Кажется, так легко, следуя Декарту, постичь чистое Я и его
cogitationes. И все же здесь мы стоим как бы над крутым горным склоном, и от
того, сможем ли мы спокойно и уверенно двигаться дальше, зависят наши жизнь и
смерть в философии. Декарт был всерьез настроен на радикальное избавление от
предрассудков. Однако благодаря новым исследованиям, и в особенности благодаря
прекрасным и основательным работам r-д Жильсона и Койре, мы знаем, в сколь
значительной степени схоластика скрыто и как непроясненный предрассудок
присутствует в декартовых «Размышлениях». Но дело не только в этом; прежде
всего мы должны освободиться от уже упомянутого выше предрассудка,
проистекающего из преклонения перед математическим естествознанием, — который,
как давнее наследство, тяготеет и над нами самими, — будто бы в случае ego
cogito речь идет об аподиктической аксиоме, которая в соединении с другими
аксиомами и, возможно, индуктивно обоснованными гипотезами, которые надлежит
указать, должна создать фундамент дедуктивно-объясняющей науки о мире, —
помологической науки, науки ordine geometrico, подобной математическому
естествознанию. В связи с этим нельзя также считать чем-то само собой разумеющимся,
что в нашем аподиктическом чистом ego мы спасли некий маленький уголок мира,
как нечто единственно бесспорное для философствующего Я, и что задача теперь
состоит в том, чтобы посредством правильно сделанных выводов в соответствии с
врожденными ego принципами раскрыть постепенно и остальной мир.

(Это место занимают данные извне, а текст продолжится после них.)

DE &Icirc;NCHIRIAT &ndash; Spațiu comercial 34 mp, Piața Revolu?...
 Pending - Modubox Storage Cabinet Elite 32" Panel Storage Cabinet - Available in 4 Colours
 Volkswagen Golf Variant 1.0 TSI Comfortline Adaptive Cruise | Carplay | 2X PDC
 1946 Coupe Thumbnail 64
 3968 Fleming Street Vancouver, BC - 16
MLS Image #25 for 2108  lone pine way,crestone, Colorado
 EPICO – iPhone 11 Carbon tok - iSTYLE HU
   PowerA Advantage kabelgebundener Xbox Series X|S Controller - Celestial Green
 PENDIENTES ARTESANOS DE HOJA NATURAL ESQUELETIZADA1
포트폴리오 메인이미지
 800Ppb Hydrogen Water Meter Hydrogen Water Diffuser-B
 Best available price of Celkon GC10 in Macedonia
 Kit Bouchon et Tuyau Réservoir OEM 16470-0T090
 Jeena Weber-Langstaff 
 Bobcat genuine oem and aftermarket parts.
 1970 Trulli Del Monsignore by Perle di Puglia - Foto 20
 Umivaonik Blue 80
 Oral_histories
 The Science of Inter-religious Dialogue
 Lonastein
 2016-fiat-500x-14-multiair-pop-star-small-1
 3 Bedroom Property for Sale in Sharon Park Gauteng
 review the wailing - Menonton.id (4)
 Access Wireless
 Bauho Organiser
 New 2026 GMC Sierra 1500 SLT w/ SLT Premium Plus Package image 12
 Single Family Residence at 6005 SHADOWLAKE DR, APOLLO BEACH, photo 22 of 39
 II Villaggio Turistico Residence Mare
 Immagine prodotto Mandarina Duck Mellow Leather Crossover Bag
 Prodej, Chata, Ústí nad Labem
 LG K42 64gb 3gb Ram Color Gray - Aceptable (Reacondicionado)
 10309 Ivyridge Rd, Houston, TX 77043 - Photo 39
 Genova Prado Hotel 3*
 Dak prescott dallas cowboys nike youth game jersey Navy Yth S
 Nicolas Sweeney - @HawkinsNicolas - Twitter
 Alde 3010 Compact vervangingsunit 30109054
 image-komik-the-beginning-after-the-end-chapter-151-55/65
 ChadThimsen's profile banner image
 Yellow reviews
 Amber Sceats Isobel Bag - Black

К сожалению, именно так обстоит дело у Декарта, когда он
совершает незаметный, но роковой поворот, превращающий ego в substantia
cogitans, в отдельный человеческий menssive animus и в исходное звено
умозаключений по принципу каузальности, короче говоря, тот поворот, благодаря
которому он стал отцом абсурдного трансцендентального реализма (хотя
абсурдность эта отсюда еще не различима). Все это минует нас, если мы остаемся
верны радикализму самоосмысления и, тем самым, принципу чистой интуиции или
очевидности, т. е. не придаем здесь значимости ничему, что не дано нам действительно
и, главное, совершенно непосредственно в открытом благодаря эпохе поле ego
cogito, не высказываемся, следовательно, ни о чем, чего сами не видим. В этом
Декарт ошибся, и получается, что подойдя к величайшему из всех открытий,
некоторым образом уже совершив его, он все же не постиг его подлинного смысла,
смысла трансцендентальной субъективности, и, таким образом, не переступил порог
подлинной трансцендентальной философии.